→ The data:

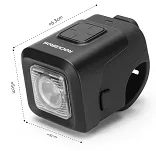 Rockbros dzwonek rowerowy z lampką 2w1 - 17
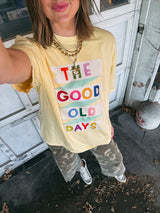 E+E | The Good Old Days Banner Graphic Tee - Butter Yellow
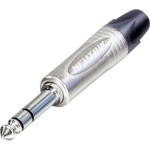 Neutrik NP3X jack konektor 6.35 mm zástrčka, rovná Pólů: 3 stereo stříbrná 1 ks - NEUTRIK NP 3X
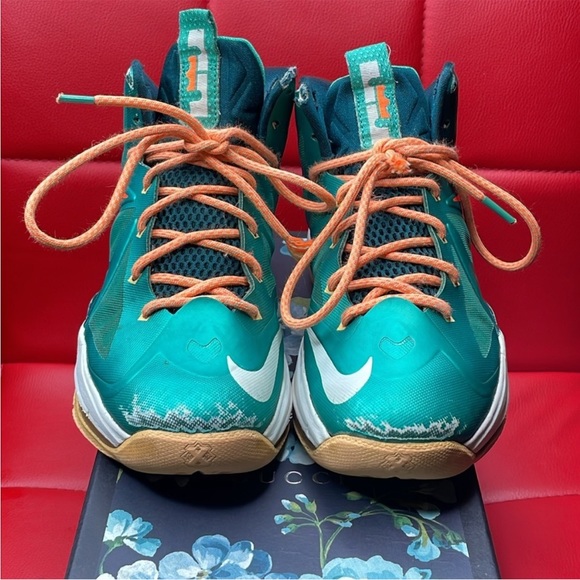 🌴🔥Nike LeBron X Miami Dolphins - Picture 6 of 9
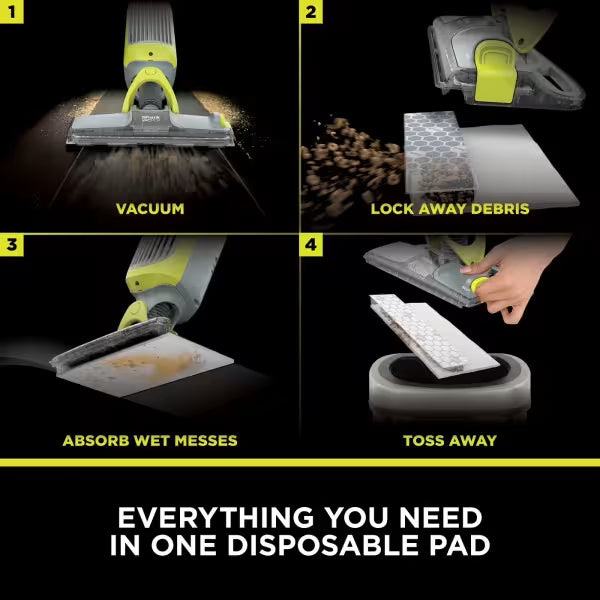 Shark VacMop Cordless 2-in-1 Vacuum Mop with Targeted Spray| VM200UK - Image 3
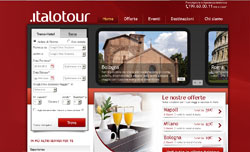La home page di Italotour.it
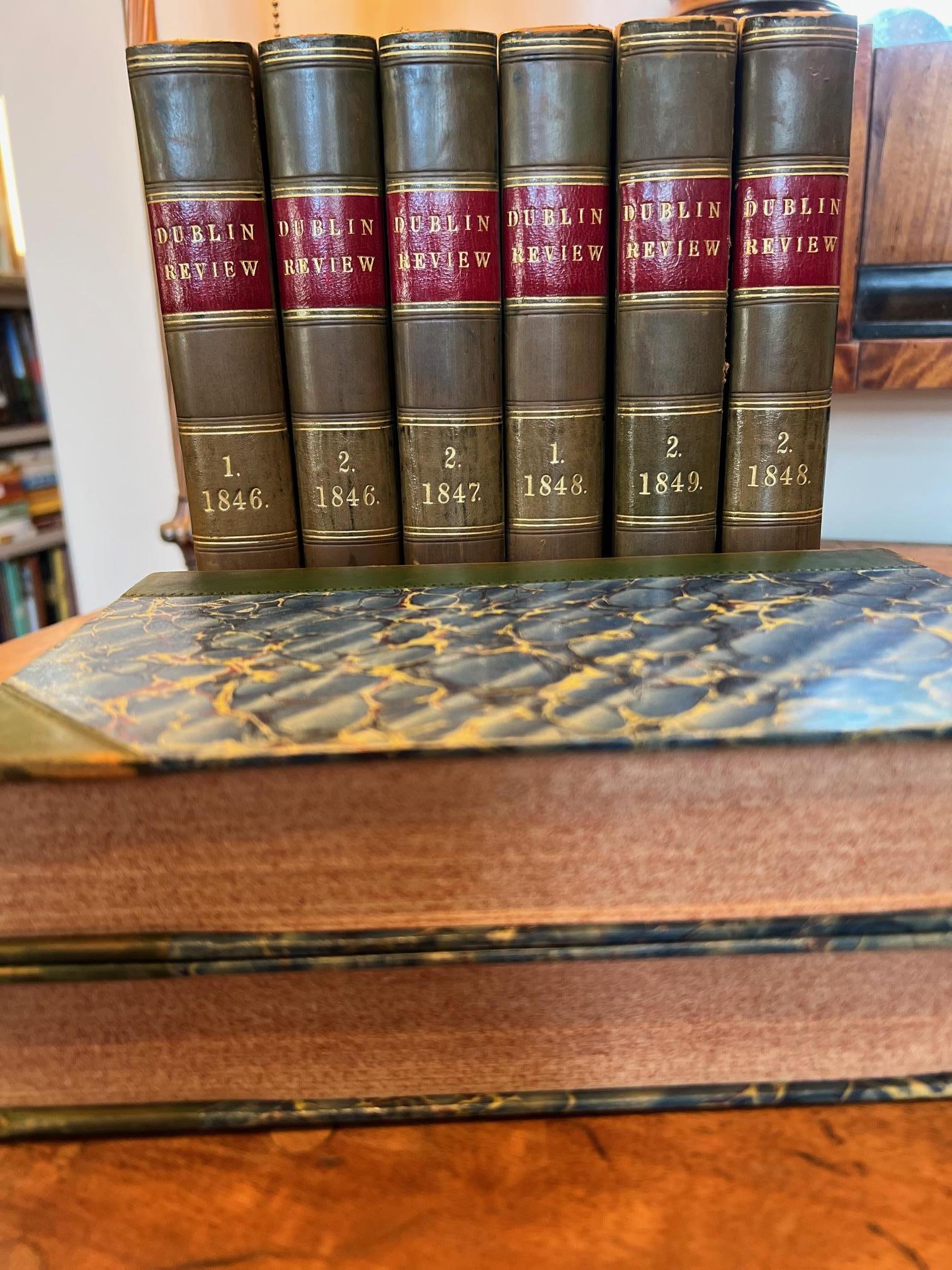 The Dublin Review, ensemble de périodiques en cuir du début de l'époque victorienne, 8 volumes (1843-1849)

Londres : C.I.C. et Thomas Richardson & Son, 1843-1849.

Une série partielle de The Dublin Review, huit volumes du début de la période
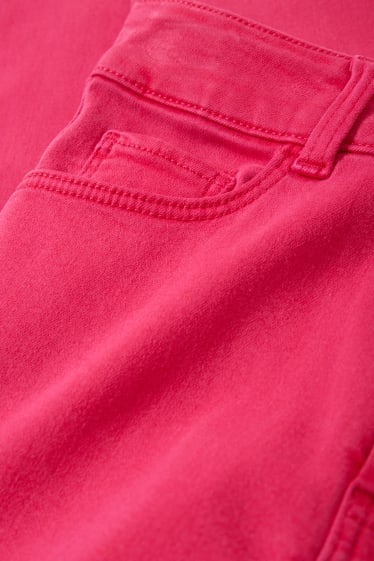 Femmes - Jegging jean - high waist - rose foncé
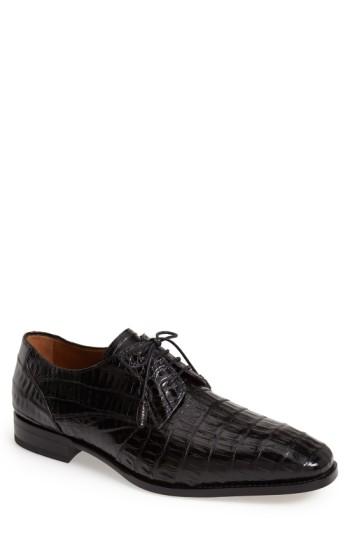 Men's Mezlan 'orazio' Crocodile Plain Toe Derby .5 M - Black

→ Exercise requirements: Exact copies of the lines from the one containing "Une série partielle" through the final line of the data are required; pictures are to be omitted.

→ Task answer:
Une série partielle de The Dublin Review, huit volumes du début de la période
 Femmes - Jegging jean - high waist - rose foncé
 Men's Mezlan 'orazio' Crocodile Plain Toe Derby .5 M - Black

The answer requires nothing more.